> **EXERCISE**
Reproduce exactly, with no pictures, each line from the opening of the material down through the line containing "MLB 12: The".
━━━
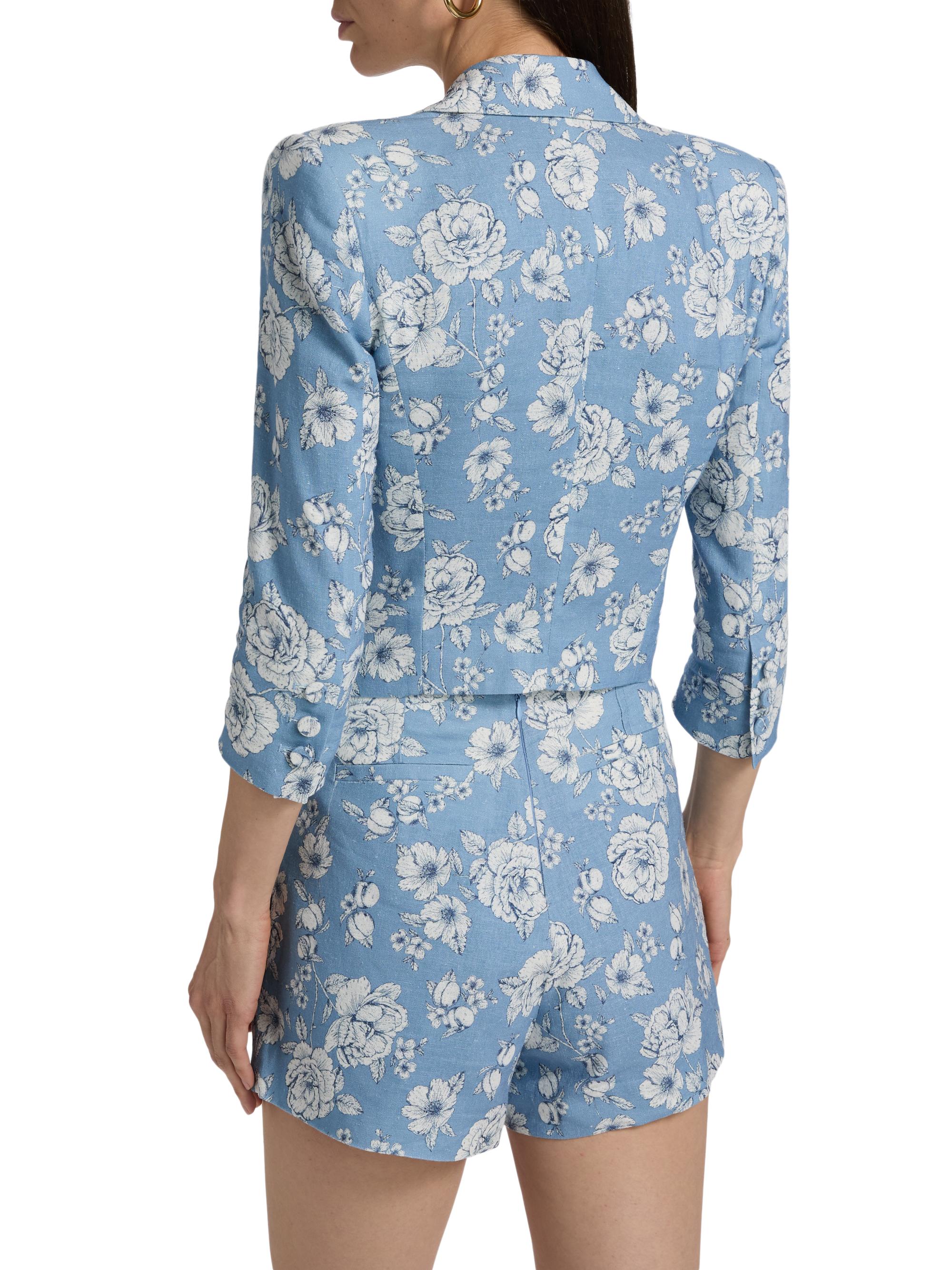 Generation Love Women's Emmeline Floral Linen Crop Blazer - Heritage Toile White | Thumbnail 5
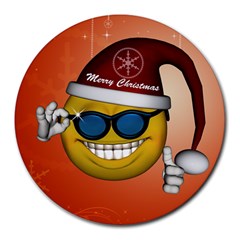 Funny Christmas Smiley With Sunglasses Round Mousepads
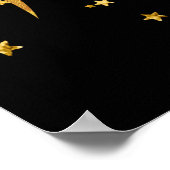 Gold Dragon in het Poster Stars op zwarte achtergr (Hoek)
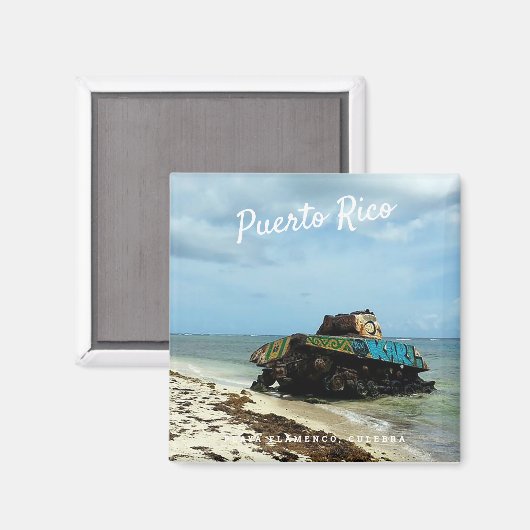 Puerto Rico, Culebra, Playa Flamenco Magneet (Voorkant / Achterkant)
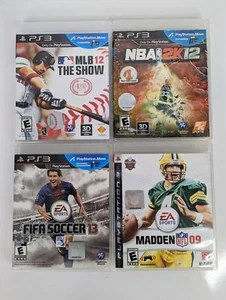 MLB 12: The Show, NBA 2K12, FIFA Soccer 13, & Madden 09 Lot (PS3) Tested - Picture 1 of 6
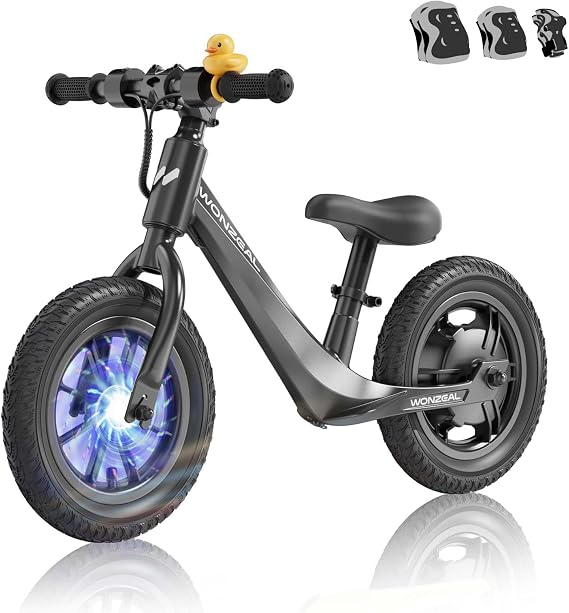 Electric Balance Bike for Kids Ages 3-5,150W Toddler Balance Bikes with12 inch Pneumatic Tire, Adjustable Seat, Electric Bike for Kids Ages 3-5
━━━
> **SOLUTION TO THE EXERCISE**
 Generation Love Women's Emmeline Floral Linen Crop Blazer - Heritage Toile White | Thumbnail 5
 Funny Christmas Smiley With Sunglasses Round Mousepads
 Gold Dragon in het Poster Stars op zwarte achtergr (Hoek)
 Puerto Rico, Culebra, Playa Flamenco Magneet (Voorkant / Achterkant)
 MLB 12: The Show, NBA 2K12, FIFA Soccer 13, & Madden 09 Lot (PS3) Tested - Picture 1 of 6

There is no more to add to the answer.